Royse had heard of other coyote sightings around town, including one near her daughter Kelsey’s house.

“They’ve spotted it throughout the neighborhood,” she said.

Steve Greiwe, who lives on Fulton Road in town, said he saw one run across the street and down by his next door neighbors’ house about two weeks ago.

Craig Caudill of Winchester, an outdoors writer and director of the Nature Reliance School, said that in talking with police officers and others, he knows there have been coyotes seen around that part of town. He said it looks like they’re in the woods behind 84 Lumber and near Calvary Christian Church, across the bypass from the Kroger shopping center.

“It isn’t strange at all,” Caudill said, when asked whether it was unusual to see coyotes in town. “There’s a huge feral cat population behind Goodwill,” and that’s the big draw, he said.

“It’s basically a buffet for coyotes,” he said.

Also easy prey, he said, are the squirrels in town that are unafraid of people and not used to being hunted.

It would be unusual for a coyote to attack a human, even a child, but  someone out walking a little dog might be at risk.

Caudill said he has seen coyotes on the edge of town, but not in the city.

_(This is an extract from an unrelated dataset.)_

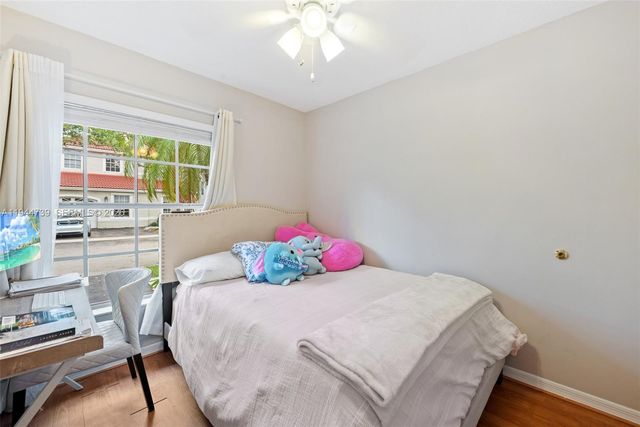 955 Azure Ln, Weston, FL 33326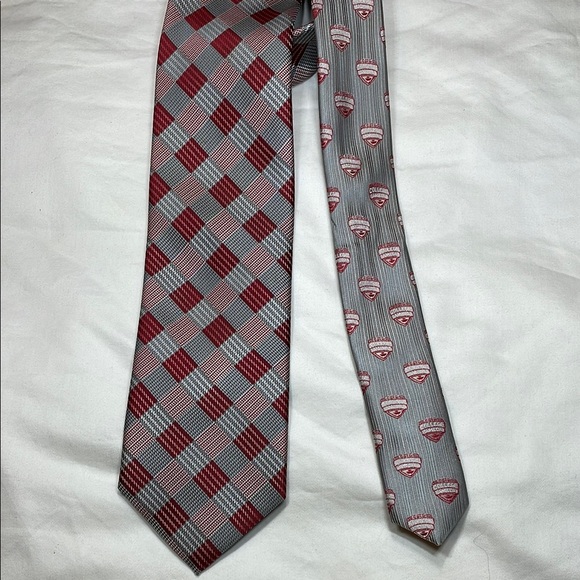 ESPN College Gameday Red and Gray Checkered Tie - Picture 2 of 4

Coyotes are closely related to wolves but smaller. Forty to 45 pounds would be large for a male. They’re mostly carnivorous and in the wild eat rabbits, squirrels and other rodents, birds and other small animals.

John Hast, a biologist for the Kentucky Department of Fish and Wildlife Resources, said it isn’t unusual at all to see coyotes in the city. They’ve been seen all over Chicago, from Wrigley Field to the boardwalk on Lake Michigan, and in Louisville’s Cherokee Park.

“They’re highly successful  generalists. They can eat almost anything. They can adapt to live almost anywhere,” he said.

Like raccoons, foxes and bears, coyotes will come right up onto your porch and get into your dog’s food dish or bird feeders, he said, so one way to keep them away is to keep food away from them.